Calculations based on the large-sample variance of the maximum likelihood estimator of individual admixture (when allele frequencies are known) show that, in a population formed by two-way admixture, ∼40 biallelic markers with average ancestry-specific allele frequency differentials of 0.6 are required to measure the admixture proportions of each individual with SE⩽0.1. When it is not possible to identify markers with such extreme allele frequency differentials, when allele frequencies are not known in advance, or when there are more than two subpopulations, the number of markers required to measure each individual’s admixture proportions will be greater. We note, however, that when confounding is weak, tests for association and estimates of the adjusted association may be efficient, even if (as in these studies) the marker set is not adequate for accurate estimation of individual admixture proportions.

Comparison with Other Approaches

We cannot evaluate the ability of other statistical programs that have been developed to control for population stratification against these data sets, because these other programs do not provide tests for association with a quantitative trait. Our approach uses both the associations between markers and the associations of the trait with markers to infer stratification. Satten and colleagues (2001) have proposed a similar approach, using classical likelihood-based methods to model a total population made up of discrete subpopulations without admixture. When there is admixture, as in the populations studied here, a model based on discrete subpopulations cannot allow for the dependence of ancestry between linked loci and is likely to be less efficient than a more general model that allows for admixture. The Structure program (Pritchard et al. 2000) is based on a Bayesian model of population admixture similar to the one we have specified, but it uses only the associations between markers to infer stratification. This necessitates a two-stage analysis, in which estimates of admixture are “plugged in” to a second step that tests for association with the trait. As noted earlier, this does not allow for uncertainty in the estimates of individual admixture or for the lack of identifiability of subpopulations in the model.

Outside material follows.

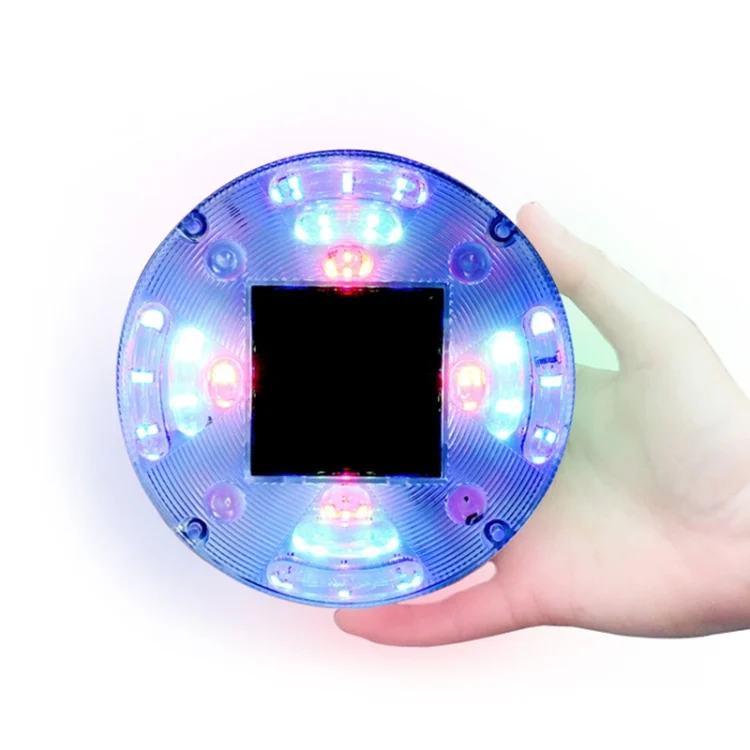 CRP3708_1.webp 2 PCS Solar LED Flashing Light Car Rear-end Collision Warning Lights, Strong Magnetic Constantly Bright Version - Image 2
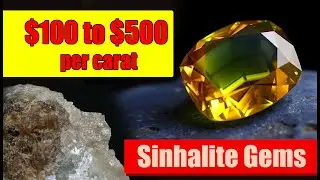 Discovery and History of Sinhalite #diamond #gems  #gemstones #minerals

We now discuss the question of identifiability in more detail. Unless individuals of known ancestry are included in the sample and their admixture proportions are specified in the model, the labeling of the k subpopulations in the model is arbitrary and the posterior distribution will have k! symmetrical modes. Thus, for instance, in a population formed by admixture between two subpopulations in proportions [0.6, 0.4] the posterior distribution of the admixture proportion vector is expected to have two modes: one at [0.4, 0.6] and one at [0.6, 0.4]. If the sampler explores both modes, the posterior mean of the admixture proportion vector will be [0.5, 0.5] in all individuals, which would provide no information about the confounder. In practice, an MCMC sampler based on updating locus ancestry states and allele frequencies one at a time is likely to remain stuck in one mode after the first few iterations, unless the sampling algorithm includes special measures to improve mixing. The two-stage analysis relies on this defect in the sampler. With the approach described here, it does not matter whether the sampler explores more than one mode: swapping between symmetrical modes will permute the labels of the subpopulations but will also reverse the signs of the regression parameters for admixture proportions, so that the adjusted effects associated with an allele or haplotype are not affected.

The genomic control approach uses only the associations of the trait with markers to infer stratification. Instead of modeling subpopulations, this approach models confounding as a random effect distributed over marker and candidate gene polymorphisms that inflates the variance of the test statistic (Devlin and Roeder 1999; Reich and Goldstein 2001). This random-effects model implicitly assumes that marker and candidate polymorphisms have been chosen at random from some larger set of polymorphisms. This assumption is not valid when, as in this and other studies (Kittles et al. 2002), markers and candidate gene polymorphisms have been selected on the basis of allele frequency differentials between subpopulations (Satten et al. 2001). Measurement of the confounding variable, as well as adjustment for it, is of course more efficient than simply modeling confounding effects as random “noise”: for instance, the genomic control approach would be unable to detect a true association between trait and genotype that was obscured by a confounding effect in the opposite direction.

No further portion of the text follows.